Change my GID to 1000?

Hello,

Requirements:

I have Searched the forum for my issue and found nothing related or helpful
I have checked the Resources category (Resources Index)
I have reviewed the Wiki for relevant information
I have read the the Release Notes and Errata

OpenMandriva Lx version:

Rome 25.06 x86 build 4008 (Clean install)

Desktop environment (KDE, LXQT…):

KDE X11

Description of the issue (screenshots if relevant):

Changing UID & GID to match /home on an external SSD - TLDR: how do I change system GID 1000 to be “kev”?

Relevant informations (hardware involved, software version, logs or output…):

[root@Desktop kev]# groupmod -g 1007 lusers
groupmod: GID '1007' already exists
[root@Desktop kev]# groupmod -n lusers 1007
groupmod: group '1007' does not exist
[root@Desktop kev]# groupmod -n lusers vboxsf
groupmod: group 'lusers' already exists
[root@Desktop kev]# groupmod -n kev vboxsf
groupmod: group 'kev' already exists
[root@Desktop kev]# groupmod -n kev oldkev
groupmod: group 'oldkev' does not exist
[root@Desktop kev]# groups kev
kev : kev lp wheel audio video users input kvm render pipewire lpadmin network storage sambashare autologin

I’m trying to set my UID and GID to 1000:1000.

I followed this OM tutorial here → LINK

…but I obviously don’t fully know what I’m doing!

Anyway, the first part worked and I managed to change my UID from 1001 back to 1000 and am now able to login to my encrypted /home, but I am unable to change my (system) GID from 1007 (vboxsf) to be 1000 (kev).

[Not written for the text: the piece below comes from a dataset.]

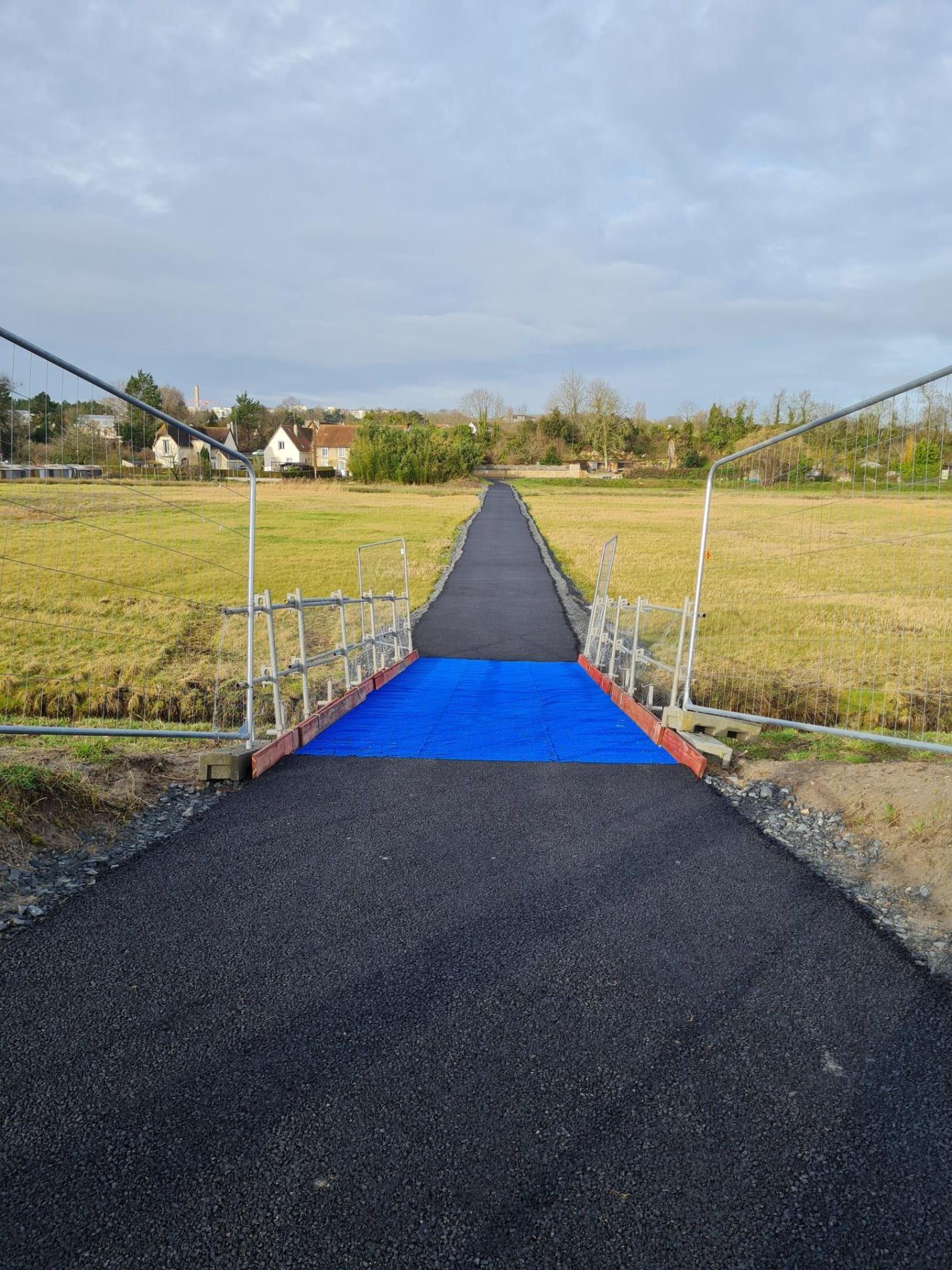 Déviation voie verte- chantier du futur pont de Colombelles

None of the commands I ran (see above) worked.

My /home is a LUKS partition on a 2nd SSD where the permissions are set as 1000:1000, but OM wants it to be 1000:1007.

I want to keep it as 1000:1000 (I have my reasons), should I just leave it as it is or should I change it to 1000?

Will it cause corruption/problems on the LUKS partition as new files are saved as 1000:1007?

So the actual question is - how do I rename group 1000 from vboxsf to kev?

Thankyou, regards.

I think I solved it myself -

[root@Desktop kev]# groupmod -n dunno vboxsf
[root@Desktop kev]# groupmod -n oldkev kev
[root@Desktop kev]# groupmod -n kev dunno
[root@Desktop kev]# groups kev
kev : oldkev lp wheel audio video users input kvm render pipewire lpadmin network storage sambashare autologin
[root@Desktop kev]# groupmod -n dunno vboxsf

Does that look OK, or have I done something stupid?

Regards.

It’s not wise to do what you are doing. Other things could break. Make sure you are backing up before you do things like this, and just restore it to a new ~ partition/mount/etc… in your new distro install.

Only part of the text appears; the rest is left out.